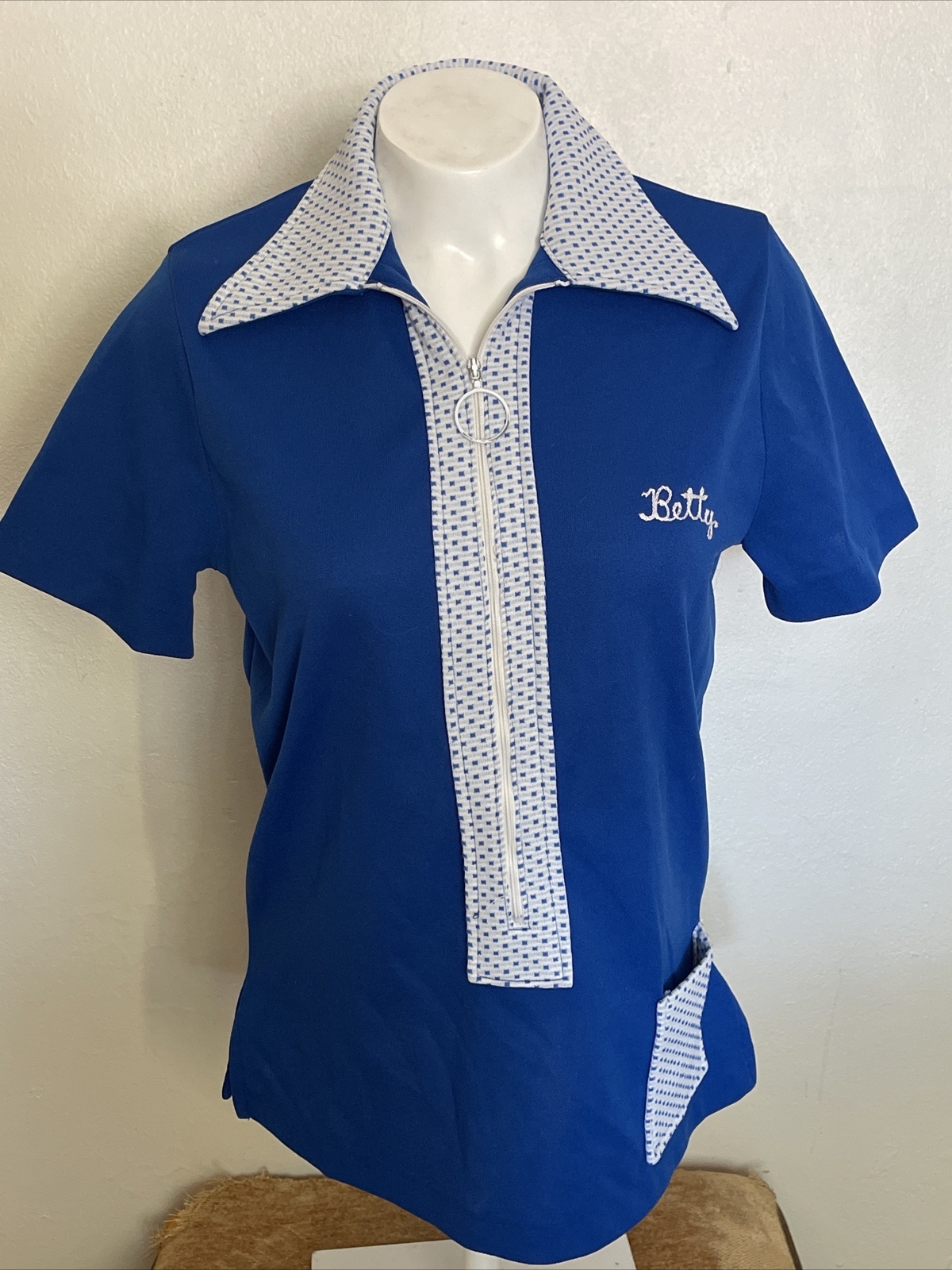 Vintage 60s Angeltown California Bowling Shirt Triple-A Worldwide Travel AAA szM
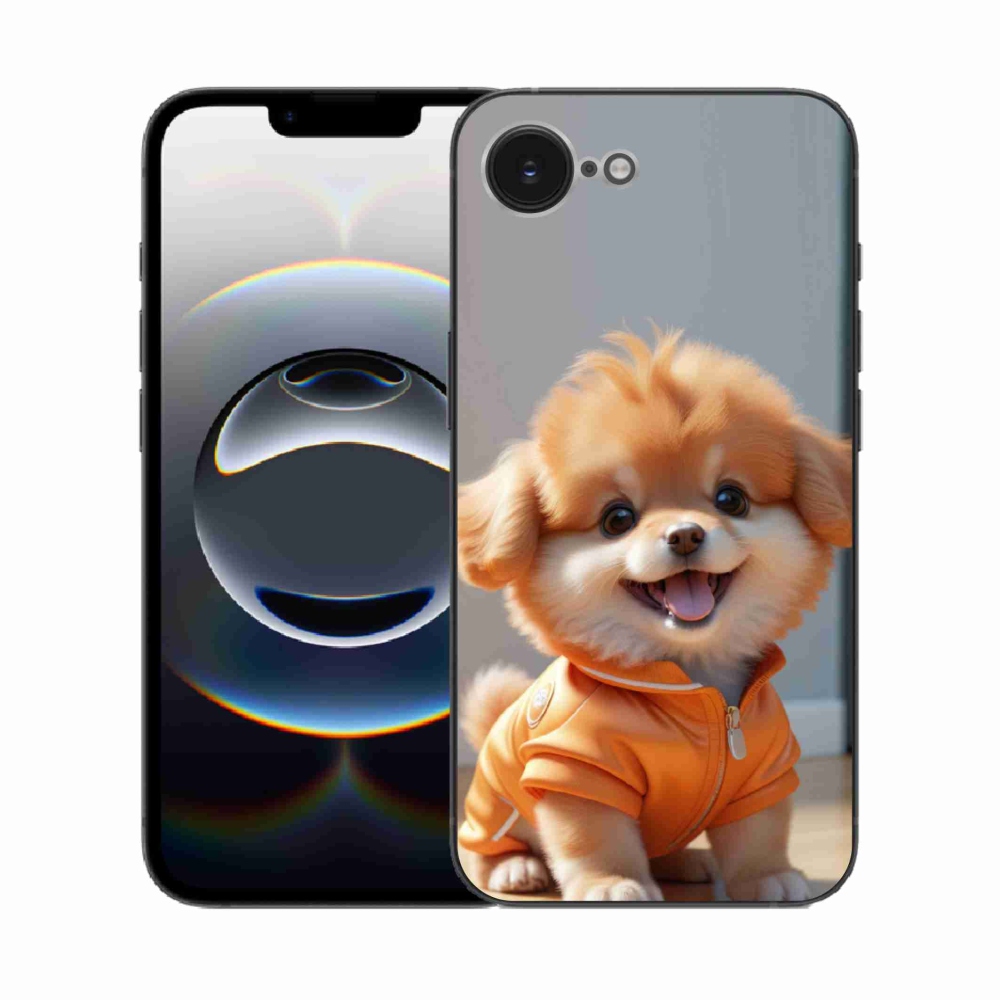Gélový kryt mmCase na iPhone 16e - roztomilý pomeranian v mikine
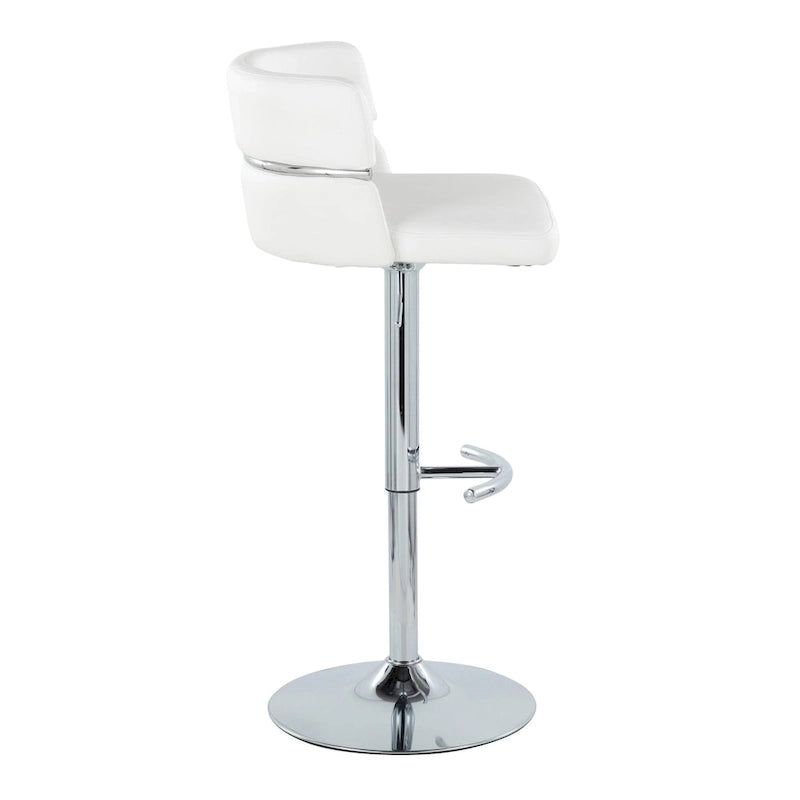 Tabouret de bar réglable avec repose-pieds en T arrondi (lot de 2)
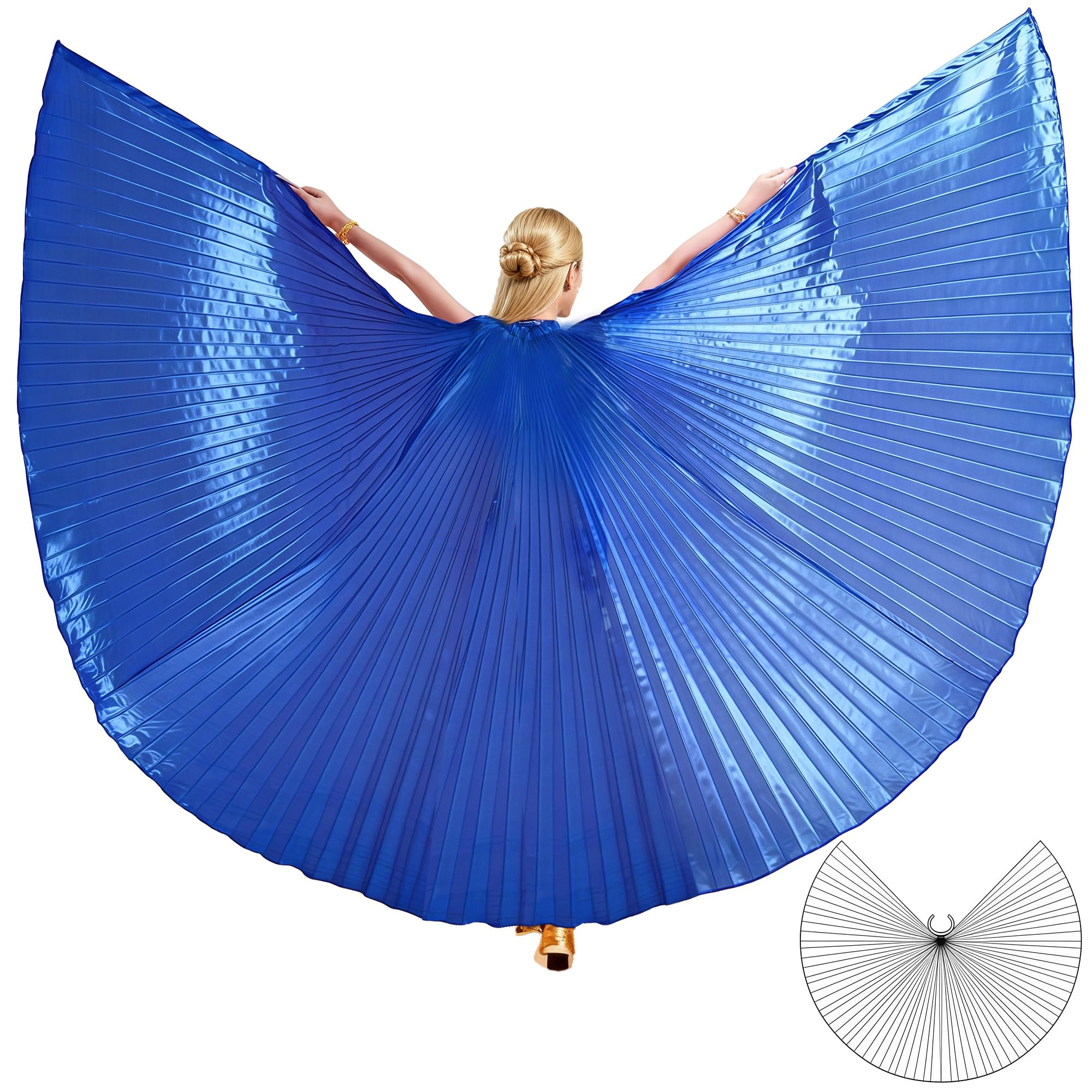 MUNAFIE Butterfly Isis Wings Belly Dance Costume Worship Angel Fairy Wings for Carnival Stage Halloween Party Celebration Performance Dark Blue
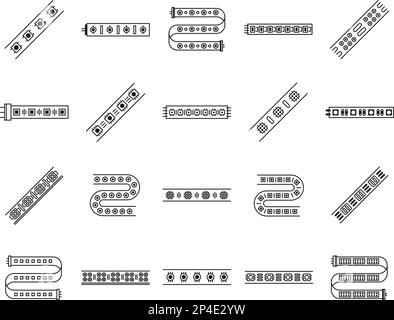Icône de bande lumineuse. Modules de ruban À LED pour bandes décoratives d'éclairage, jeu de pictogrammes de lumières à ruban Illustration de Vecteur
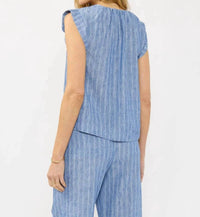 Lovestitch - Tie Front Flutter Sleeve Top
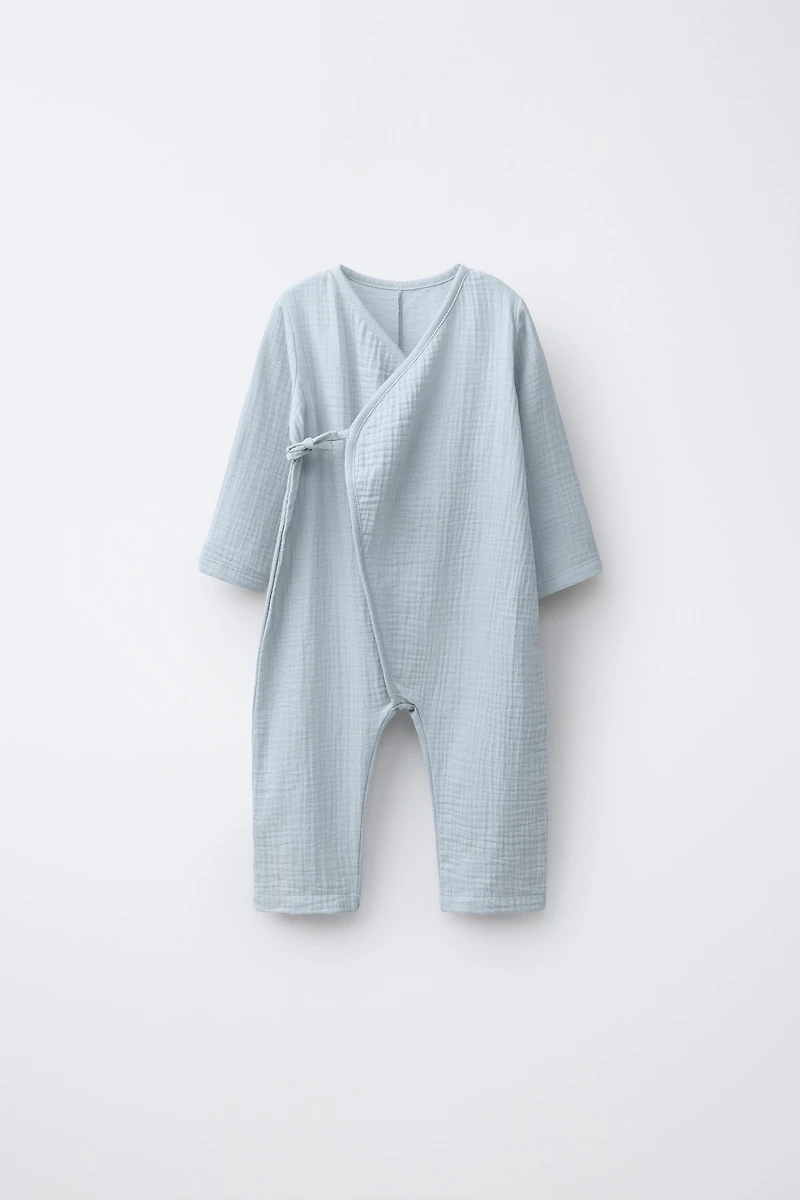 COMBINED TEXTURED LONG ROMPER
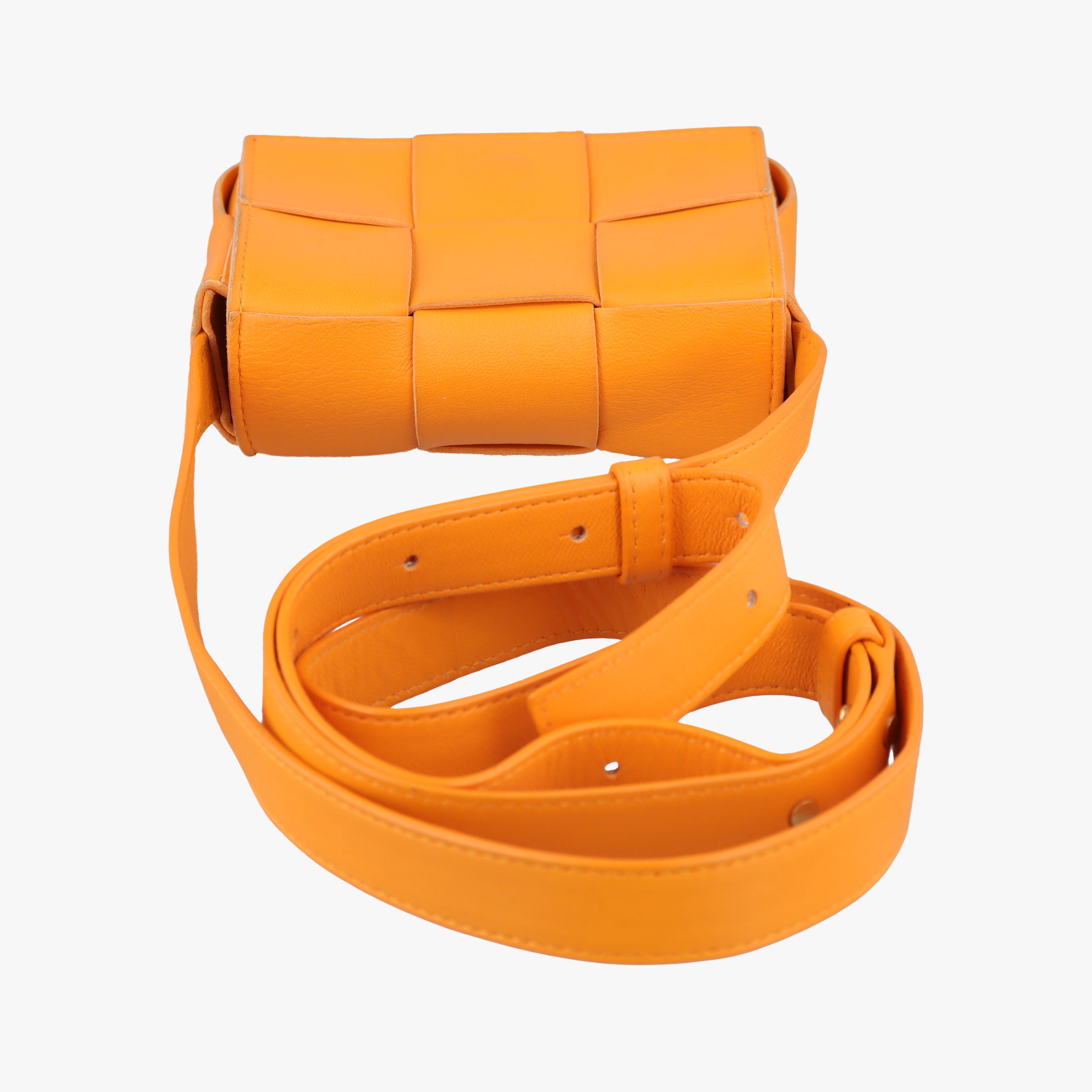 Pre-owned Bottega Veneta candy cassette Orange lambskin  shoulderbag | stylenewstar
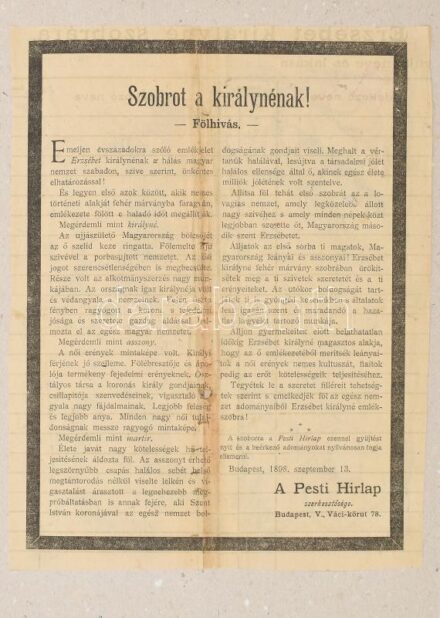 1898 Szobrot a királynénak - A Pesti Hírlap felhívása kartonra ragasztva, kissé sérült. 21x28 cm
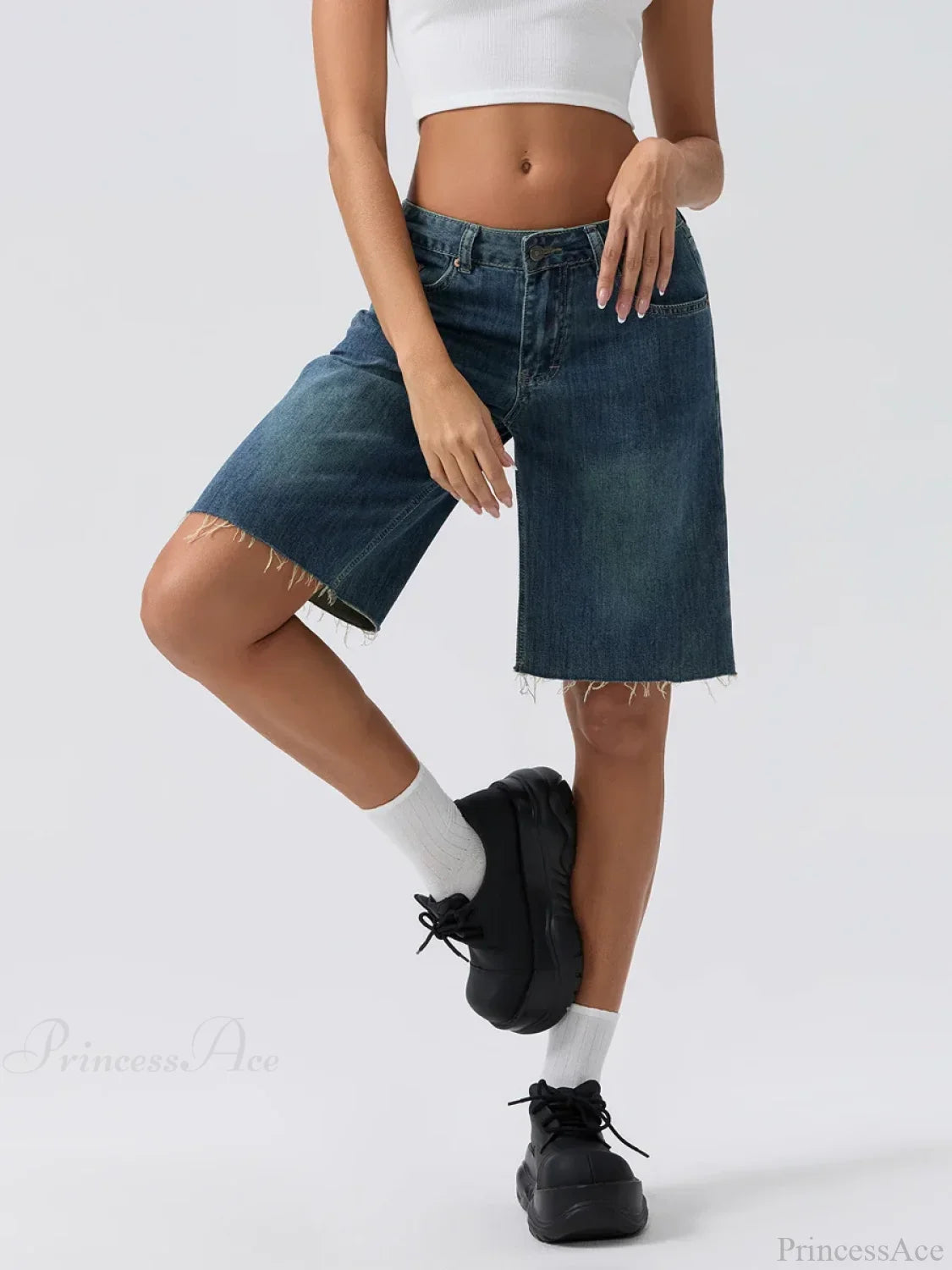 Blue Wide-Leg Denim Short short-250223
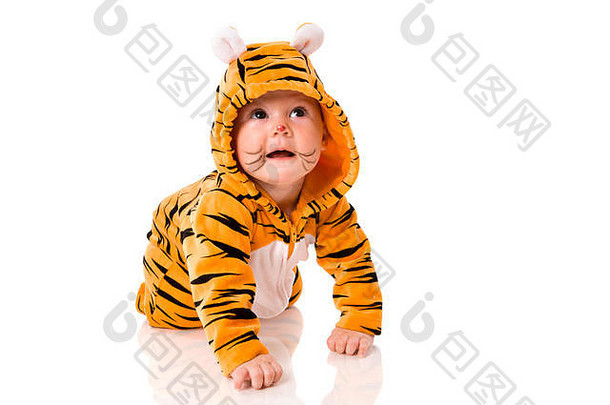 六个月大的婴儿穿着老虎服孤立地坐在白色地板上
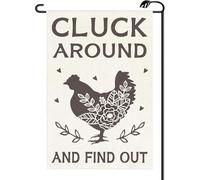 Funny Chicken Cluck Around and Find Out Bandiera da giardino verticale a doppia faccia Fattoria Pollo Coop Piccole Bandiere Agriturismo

· · ·

- **Exercise brief**:
With the pictures omitted, restate word for word the lines above from the line that has "Tabouret de bar" up to and including the line that has "Lovestitch - Tie Front Flutter Sleeve Top", and no other lines.

- **Answer to this task**:
 Tabouret de bar réglable avec repose-pieds en T arrondi (lot de 2)
 MUNAFIE Butterfly Isis Wings Belly Dance Costume Worship Angel Fairy Wings for Carnival Stage Halloween Party Celebration Performance Dark Blue
Icône de bande lumineuse. Modules de ruban À LED pour bandes décoratives d'éclairage, jeu de pictogrammes de lumières à ruban Illustration de Vecteur
 Lovestitch - Tie Front Flutter Sleeve Top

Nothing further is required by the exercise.